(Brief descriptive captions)
= Beginning of Section =

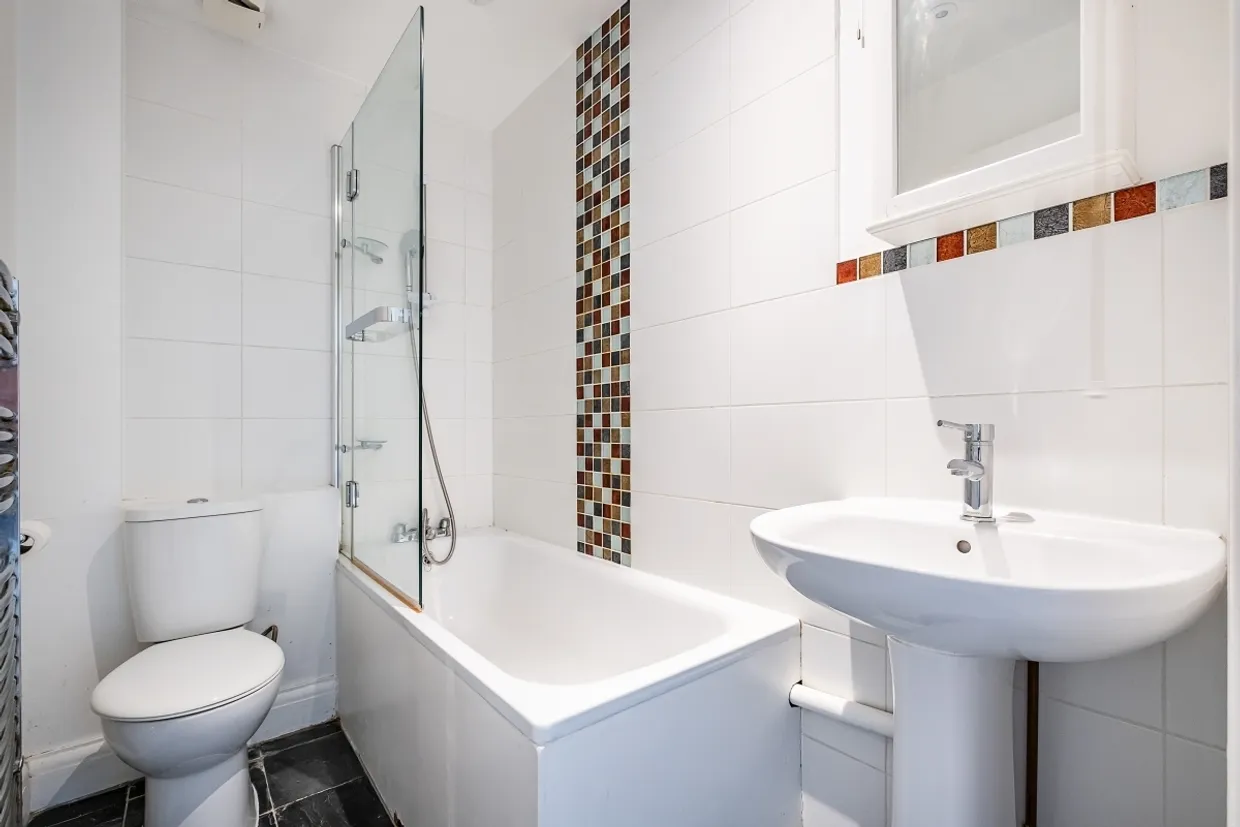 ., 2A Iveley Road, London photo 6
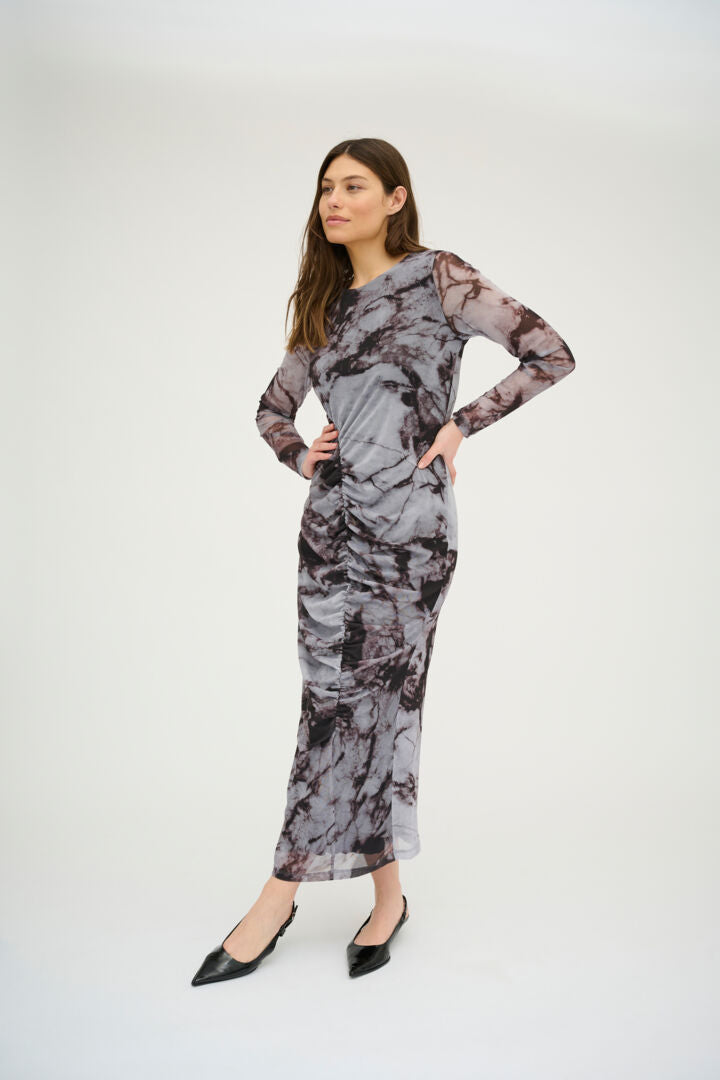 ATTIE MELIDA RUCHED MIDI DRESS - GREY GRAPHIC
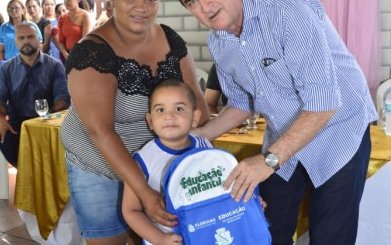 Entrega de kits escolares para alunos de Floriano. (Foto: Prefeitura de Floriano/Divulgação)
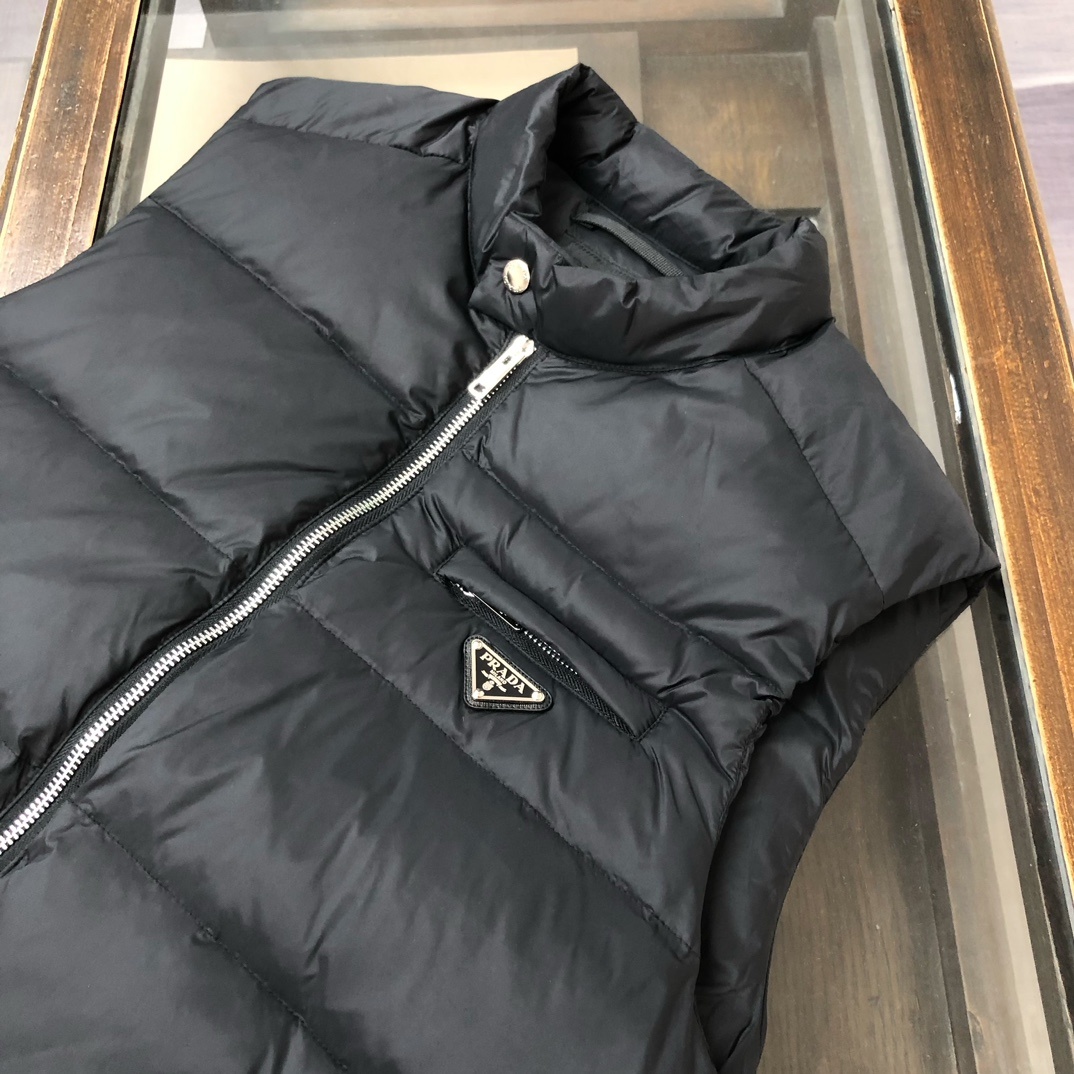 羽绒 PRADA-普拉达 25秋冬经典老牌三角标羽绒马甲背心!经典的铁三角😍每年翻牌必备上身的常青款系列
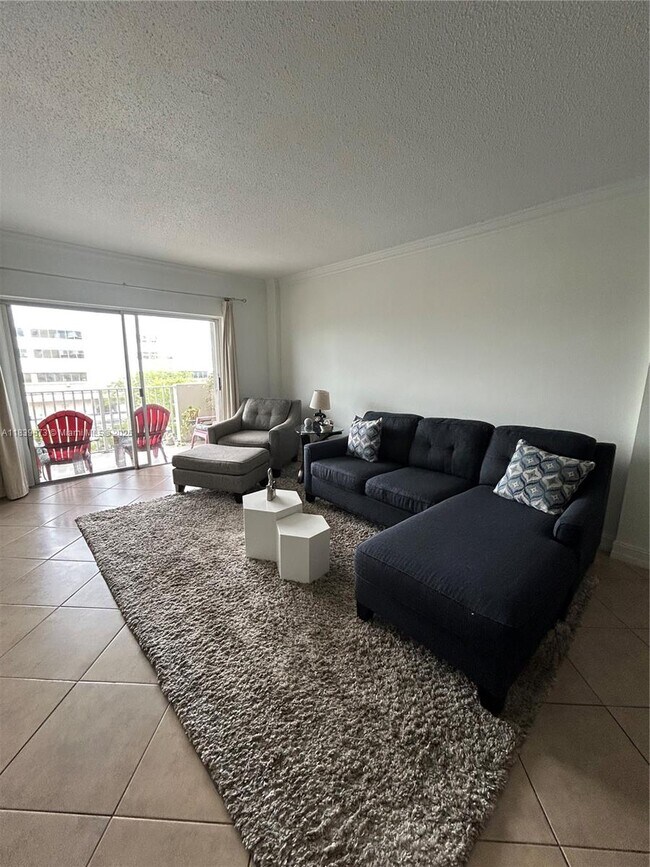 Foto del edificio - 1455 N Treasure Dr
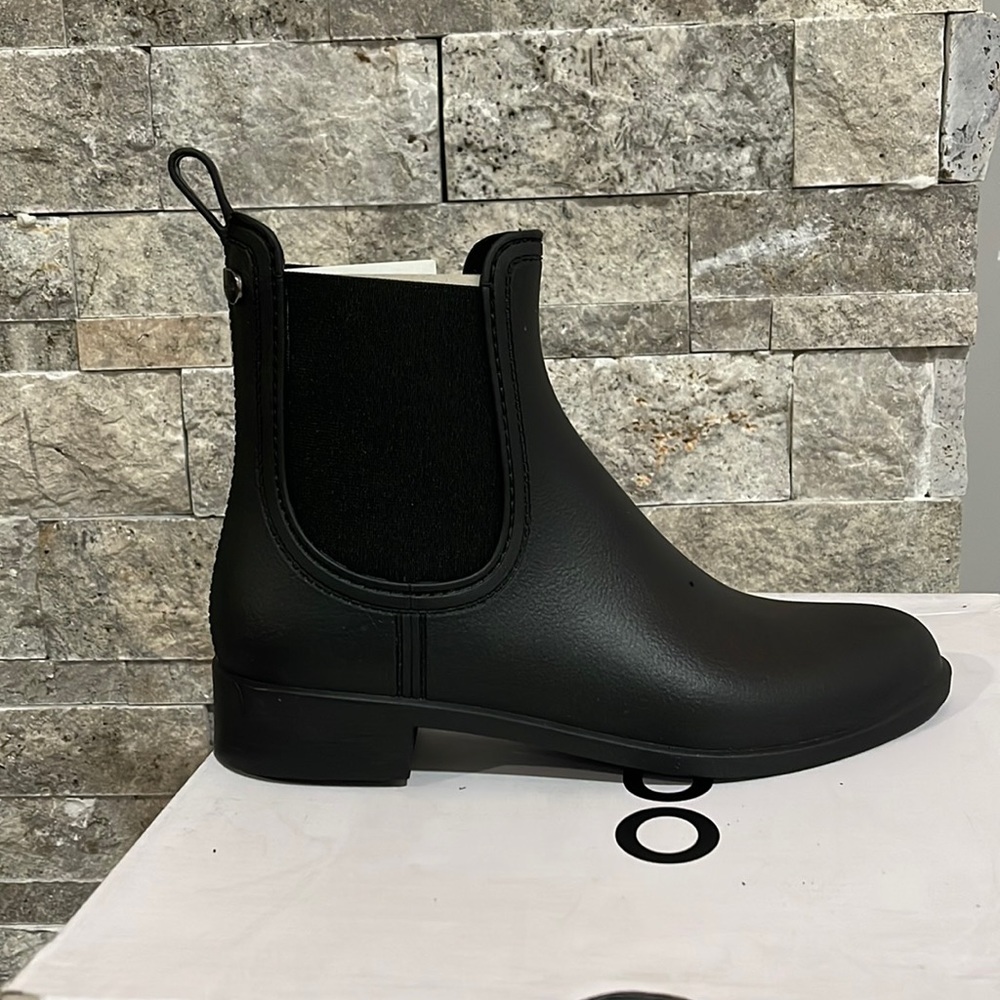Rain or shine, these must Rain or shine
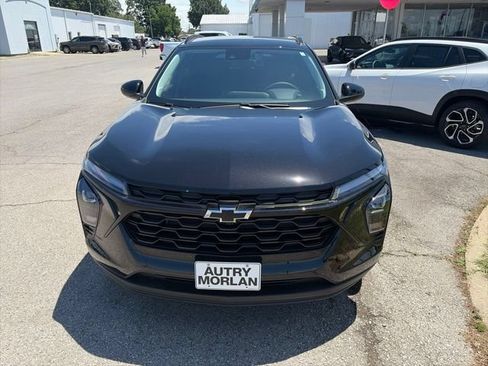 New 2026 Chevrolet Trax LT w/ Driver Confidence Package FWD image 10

= End of Section =

## What to do
From the first line to the last, set down the records exactly, leaving out images.

## Output
 ., 2A Iveley Road, London photo 6
 ATTIE MELIDA RUCHED MIDI DRESS - GREY GRAPHIC
 Entrega de kits escolares para alunos de Floriano. (Foto: Prefeitura de Floriano/Divulgação)
 羽绒 PRADA-普拉达 25秋冬经典老牌三角标羽绒马甲背心!经典的铁三角😍每年翻牌必备上身的常青款系列
 Foto del edificio - 1455 N Treasure Dr
Rain or shine, these must Rain or shine
 New 2026 Chevrolet Trax LT w/ Driver Confidence Package FWD image 10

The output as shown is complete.